◆ What the task requires
From the top of the entries, reproduce each line exactly, stopping after the line that contains "When assuming α". Omit pictures.

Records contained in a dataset
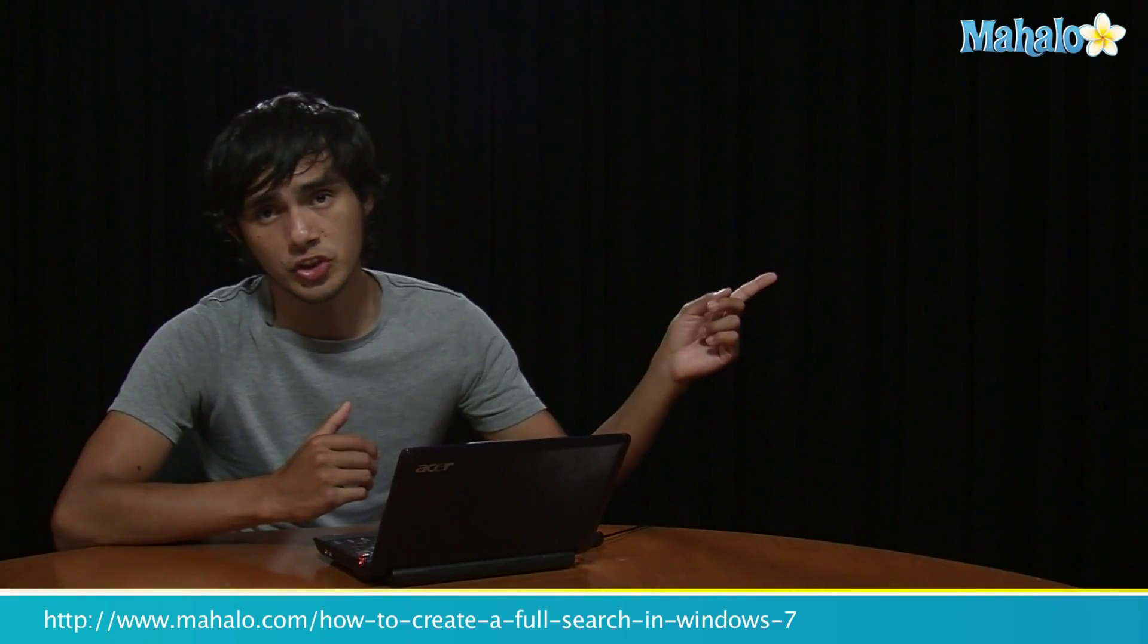So I hope you enjoyed this tip. If you want to learn more Windows 7 tips, make sure to click on these links. And I'll see you there. Bye.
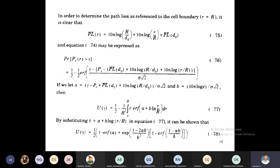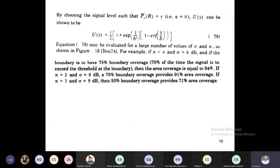When assuming α = 0 — meaning the received power at radius R equals the threshold value — the coverage simplifies to: U(R) = (1/2)[1 + exp(1/b²)(1 − erf(1/b))]. This percentage of coverage also depends on the path loss exponent n and the sigma value.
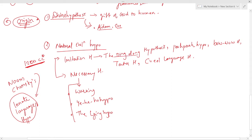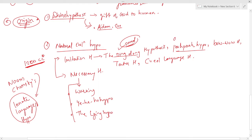The ding-dong hypothesis says words were named after the sound associated with the object — for example, 'crash' for thunder, 'boom' for explosion. The poopa hypothesis says the first words came from involuntary and exclamatory sounds related to dislike, hunger, pain, and pleasure — for example, 'ouch' after pain or discomfort.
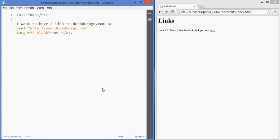So what's the takeaway here? A tag is used for links, tags can have attributes, we'll be looking at other attributes for other tags as well throughout this course. And if you want to create a link you use an attribute called href and that's where you put the target URL. And you can also specify the target attribute and write blank if you want that to open in a new tab.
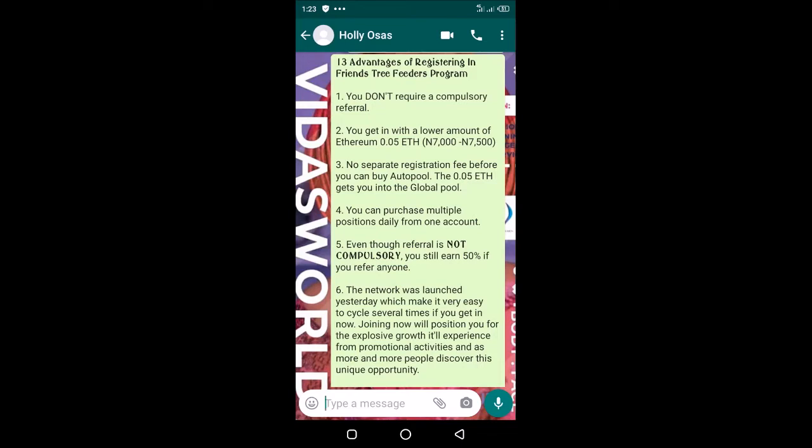Once you register with 0.05, you're already in the pool. You do not pay any other fee to upgrade to any other level. You just have one global pool.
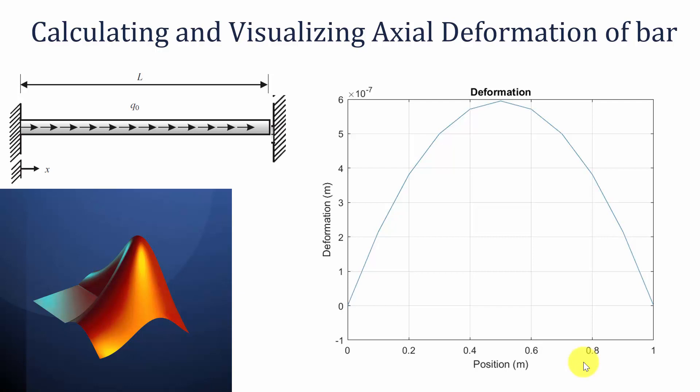Hello all, welcome to the MATLAB tutorials. In this video we are going to calculate the axial deformation of the bar and we are going to plot it.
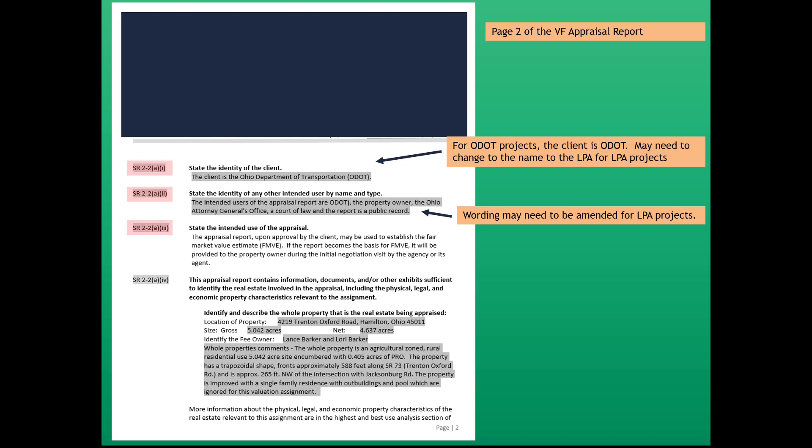Third USPAP standard, 2-2 AI, state the intended use of the appraisal. The appraisal report, upon approval by the client, may be used to establish the fair market value estimate, FMVE. If the report becomes the basis of FMVE, it will be provided to the property owner during the initial negotiation visit by the agency or its agent.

◆ Solution
So I hope you enjoyed this tip. If you want to learn more Windows 7 tips, make sure to click on these links. And I'll see you there. Bye.
When assuming α = 0 — meaning the received power at radius R equals the threshold value — the coverage simplifies to: U(R) = (1/2)[1 + exp(1/b²)(1 − erf(1/b))]. This percentage of coverage also depends on the path loss exponent n and the sigma value.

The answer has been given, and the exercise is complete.